La catégorisation des acteurs de l'accueil
Les acteurs publics intervenant sur la question de l'accueil des réfugiés sont particulièrement nombreux. La répartition des compétences amène à un enchevêtrement d'une redoutable complexité entre les différents niveaux d'intervention (européen, national, local), mais également au sein de chaque niveau. Ainsi, au sein de l'Union européenne, cette question révèle des rapports de force au sein du triangle institutionnel (Commission, Conseil, Parlement européen). De son côté, la Cour de Justice, acteur majeur du droit européen de l'asile, via les nombreux contentieux portés devant elle, contribue-t-elle à une clarification et une meilleure compréhension des catégories ? Face aux modifications récentes ou envisagées de leur statut, quel est le rôle attendu ou potentiel des agences de l'Union impliquées telle que la nouvelle agence européenne de garde-frontières et de garde-côtes (ex-Frontex) ou le Bureau européen d'appui en matière d'asile (future agence de l'Union européenne pour l'asile) dans le processus d'accueil ?
Au niveau national, entre les multiples organes étatiques et les non moins multiples structures au sein des collectivités, un véritable mille-feuilles institutionnel se dessine, qui entre en tension avec la nécessité d'un accès simplifié aux droits, le principe de non-discrimination des individus, et les standards attendus à l'échelle de l'Union européenne en terme de qualité de l'accueil. Comment ces tensions se traduisent-elles à l'échelle des acteurs publics de l'accueil ? Comment le droit est-il mobilisé pour faire appliquer ou contester les responsabilités en matière d'accueil ?

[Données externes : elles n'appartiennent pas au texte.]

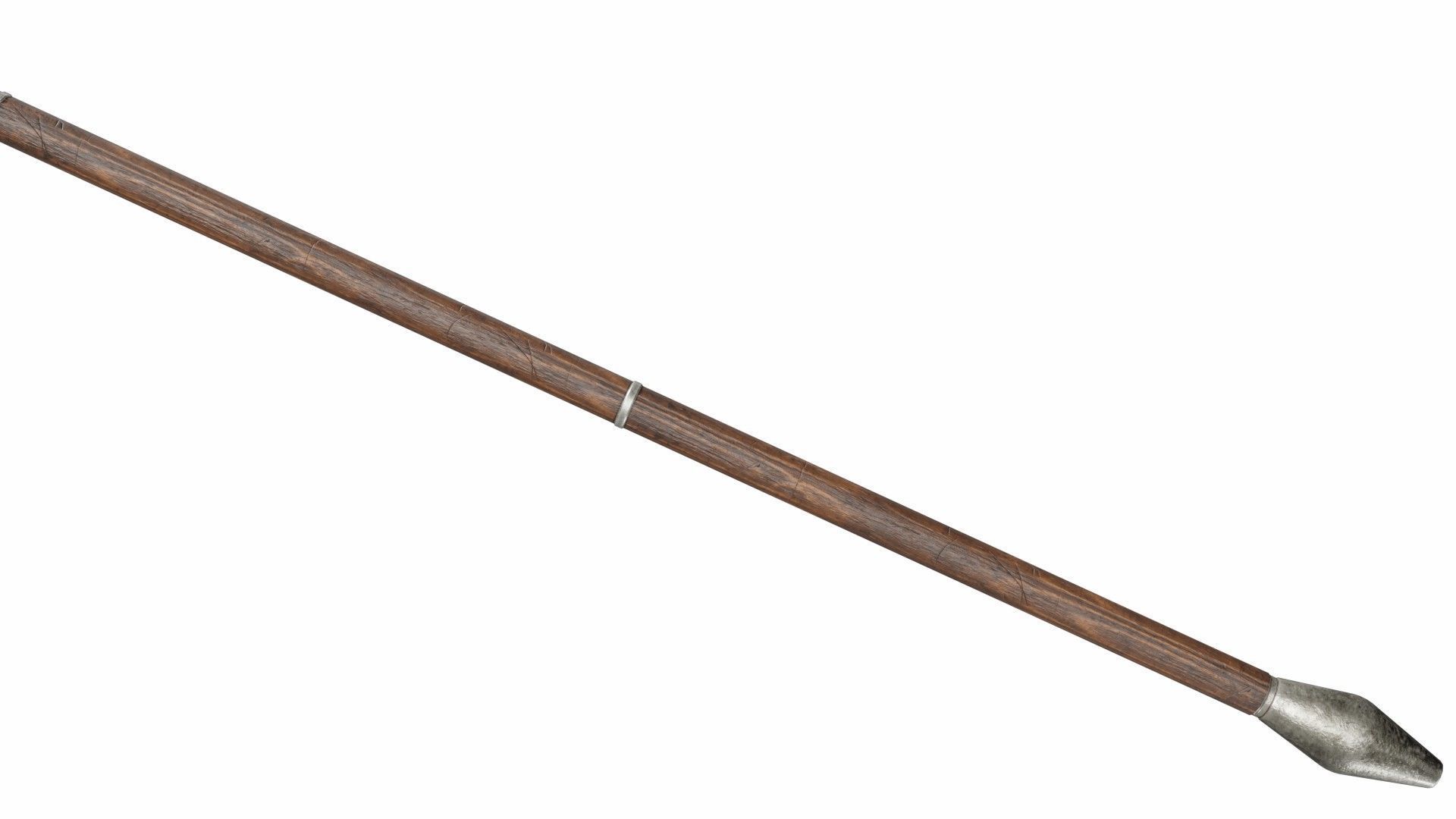 Sharp axe spear Low-poly 3D model_3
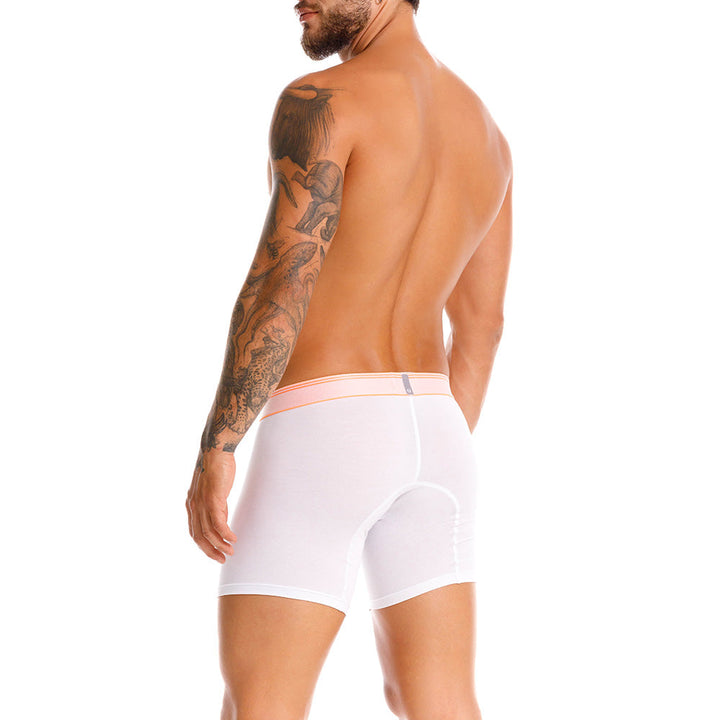 Mundo Unico Men's Pomelo Mid-Length Boxer Briefs - White Pima Cotton with Neon Orange Accents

Les acteurs privés jouent également un rôle de plus en plus crucial dans l'accueil. Traditionnellement, c'est d'abord aux associations bénéficiaires de marchés publics ou délégations de service public que revient l'accompagnement des demandeurs d'asile. Or, désormais, des sociétés lucratives interviennent également sur le même secteur d'activités. Par ailleurs, ces dernières années, des collectifs de bénévoles sont très mobilisés pour accueillir des migrants. Le parrainage privé, qui permet à des familles d'accueillir des réfugiés, est un système courant au Canada, mais balbutiant en Europe. Face à cette complexité dans la répartition des compétences entre les pouvoirs publics, aux difficultés rencontrés par ceux-ci, et à l'urgence, les acteurs privés se mobilisent et jouent un rôle complémentaire, voire parfois concurrent des acteurs publics. Quels sont les rôles respectifs des associations, des entreprises ? Comment s'articulent leurs actions ?
Modalités
Les propositions de communication sont à adresser au plus tard le 1er juin 2018 aux responsables scientifiques aux trois adresses suivantes : carole.billet@univ-nantes.fr, estelle.dhalluin@univ-nantes.fr, berangere.taxil@univ-angers.fr
Ces propositions, de deux pages maximum, doivent être rédigées en français. Le contenu de la communication doit préciser l'approche disciplinaire, la méthodologie, et les grands axes envisagés pour sa communication.
L'auteur est invité à joindre également son CV.
Les réponses seront communiquées au plus tard le 30 juin 2018
Une version complète de la communication écrite sera demandée aux intervenants pour le 30 septembre 2018. Les actes du colloque seront publiés.